#### Task to complete:
The lines you return should be those containing the string "Soft", taken from the data below.

[Dataset excerpts]
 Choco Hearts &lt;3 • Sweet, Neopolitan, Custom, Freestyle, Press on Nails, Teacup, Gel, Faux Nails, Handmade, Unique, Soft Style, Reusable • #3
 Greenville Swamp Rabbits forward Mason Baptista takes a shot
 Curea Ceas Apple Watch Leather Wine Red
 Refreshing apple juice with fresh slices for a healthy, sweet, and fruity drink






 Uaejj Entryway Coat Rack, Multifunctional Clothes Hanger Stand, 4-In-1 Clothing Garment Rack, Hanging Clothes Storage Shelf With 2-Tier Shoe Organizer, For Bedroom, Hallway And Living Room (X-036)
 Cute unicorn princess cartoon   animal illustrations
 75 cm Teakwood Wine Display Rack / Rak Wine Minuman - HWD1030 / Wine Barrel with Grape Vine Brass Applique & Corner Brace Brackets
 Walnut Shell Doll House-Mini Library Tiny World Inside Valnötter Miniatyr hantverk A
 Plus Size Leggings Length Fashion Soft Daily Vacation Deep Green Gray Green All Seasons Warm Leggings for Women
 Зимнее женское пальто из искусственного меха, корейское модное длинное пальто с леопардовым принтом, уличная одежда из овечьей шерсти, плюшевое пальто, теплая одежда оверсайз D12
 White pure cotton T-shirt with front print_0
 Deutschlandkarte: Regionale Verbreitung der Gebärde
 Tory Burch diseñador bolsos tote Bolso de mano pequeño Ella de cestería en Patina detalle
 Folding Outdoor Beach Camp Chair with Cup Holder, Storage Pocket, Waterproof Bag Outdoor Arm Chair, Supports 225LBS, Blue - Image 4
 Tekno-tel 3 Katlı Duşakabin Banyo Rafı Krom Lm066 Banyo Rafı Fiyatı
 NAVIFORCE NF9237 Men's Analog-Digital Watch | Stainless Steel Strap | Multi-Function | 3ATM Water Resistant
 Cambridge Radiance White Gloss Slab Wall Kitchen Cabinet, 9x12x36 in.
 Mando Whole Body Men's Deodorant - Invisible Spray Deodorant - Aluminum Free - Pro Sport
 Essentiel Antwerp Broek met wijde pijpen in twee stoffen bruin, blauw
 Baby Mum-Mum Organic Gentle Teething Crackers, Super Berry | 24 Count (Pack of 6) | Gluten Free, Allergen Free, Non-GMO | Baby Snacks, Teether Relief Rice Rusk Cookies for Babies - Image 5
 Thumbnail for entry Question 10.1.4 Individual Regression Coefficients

#### The completed task:
 Choco Hearts &lt;3 • Sweet, Neopolitan, Custom, Freestyle, Press on Nails, Teacup, Gel, Faux Nails, Handmade, Unique, Soft Style, Reusable • #3
 Plus Size Leggings Length Fashion Soft Daily Vacation Deep Green Gray Green All Seasons Warm Leggings for Women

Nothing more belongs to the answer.